Ismail (56), tokoh senior di Kementerian Komunikasi dan Digital, menambah kedalaman kebijakan dalam dewan komisaris. Dengan pengalaman 32 tahun, termasuk sebagai Dirjen SDPPI dan Sekjen Komdigi, Ismail menjadi sosok arsitek kebijakan digital nasional—termasuk Palapa Ring, registrasi prabayar, IMEI, dan ASO (Analog Switch Off). Ia kini dipercaya sebagai Komisaris Independen.

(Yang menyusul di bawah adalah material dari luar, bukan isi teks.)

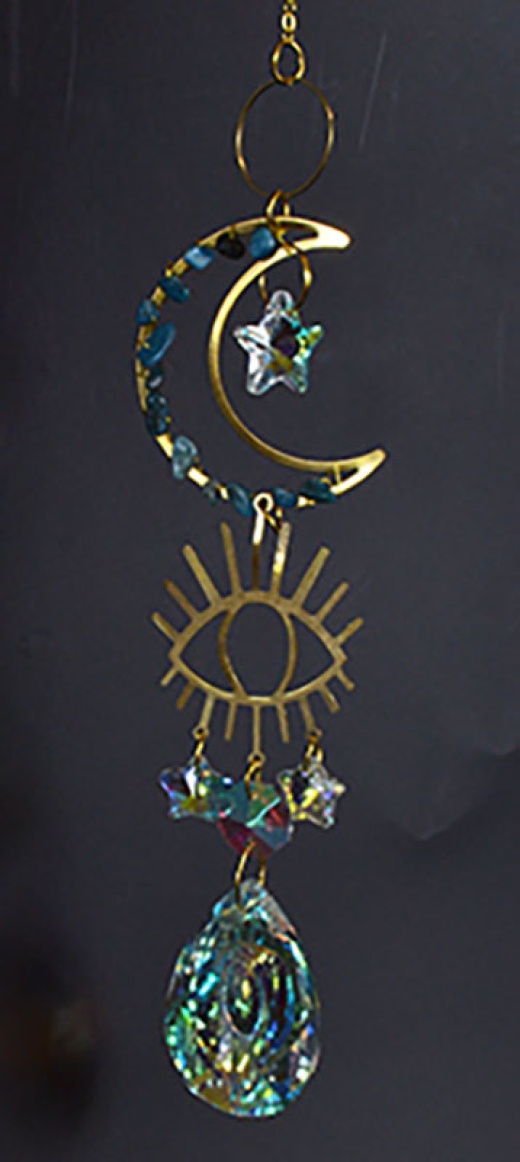 16" Evil Eye Crescent Sun Catcher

Perempuan, Digitalisasi, dan UMKM

Dian Siswarini patut disorot bukan hanya karena gendernya yang minoritas di level top eksekutif BUMN, tapi juga karena jejak keberpihakan pada pemberdayaan perempuan dan UMKM. Ia mendirikan Sisternet pada 2015, yang kini sudah memberdayakan lebih dari satu juta perempuan, terutama pelaku UMKM di daerah. Ia juga memperluas akses dan literasi digital hingga ke pelosok.

Kembali dari kantor pusat Axiata di Malaysia pada 2015, Dian melanjutkan estafet kepemimpinan dari tokoh legendaris Hasnul Suhaimi. Di bawah arahannya, XL mampu beradaptasi dan melakukan konsolidasi internal, termasuk menyongsong merger XL Axiata dengan Smartfren menjadi entitas baru: XL Smart.

Bergabungnya Dian ke Telkom bisa menjadi tonggak penting transformasi bisnis digital BUMN, sekaligus menguatkan semangat inklusi dan regenerasi kepemimpinan nasional.

Tantangan di Tengah Industri Tiga Besar

Kini Telkom bersaing dalam struktur pasar yang makin terkonsolidasi: hanya tinggal tiga raksasa—Telkomsel, IOH (Indosat Ooredoo Hutchison), dan XL Smart. 

Telkomsel, sebagai anak usaha utama Telkom, menjadi andalan pemasukan grup. Tantangannya kini bukan lagi soal jaringan, melainkan inovasi layanan, cloud service, dan kecerdasan buatan (AI).

Dengan kombinasi Awaluddin yang kenyang pengalaman operasional, Dian yang andal dalam transformasi dan pemberdayaan, serta Ismail yang paham betul arsitektur regulasi, Telkom seperti meramu formula anyar. Mereka akan memimpin Telkom tidak hanya dari sisi korporasi, tapi juga membawa nuansa kebijakan publik dan inklusi sosial.

Bonus dan Risiko Kepemimpinan

Tantangan ke depan tak bisa dianggap remeh. Ekosistem digital Indonesia tengah disorot publik, mulai dari perlindungan data pribadi, investasi AI, hingga disrupsi layanan berbasis aplikasi. Kombinasi kompetensi dari para pemimpin ini akan diuji dalam skenario yang terus berubah cepat.

Tak hanya tanggung jawab strategis, imbal hasil mereka juga menyita perhatian publik. Gaji direktur utama Telkom disebut-sebut bisa mencapai Rp 2,2 miliar per bulan atau sekitar Rp 26,4 miliar per tahun. Komisaris mendapat 45% dari angka itu. Di tengah kritik efisiensi dan transparansi BUMN, angka ini bisa jadi bola panas jika tidak diimbangi dengan kinerja konkret.

RUPST kali ini mungkin hanya berlangsung beberapa jam. Tapi dampaknya bisa bertahun-tahun ke depan. Di tangan para ponggawa baru ini, masa depan Telkom—dan sebagian besar transformasi digital Indonesia—akan diarahkan dan dipertaruhkan.

Apakah mereka akan menjadi manajer status quo, atau justru arsitek perubahan sejati? Waktu yang akan menjawab. Tapi setidaknya, pondasi awalnya sudah lebih dari cukup kuat.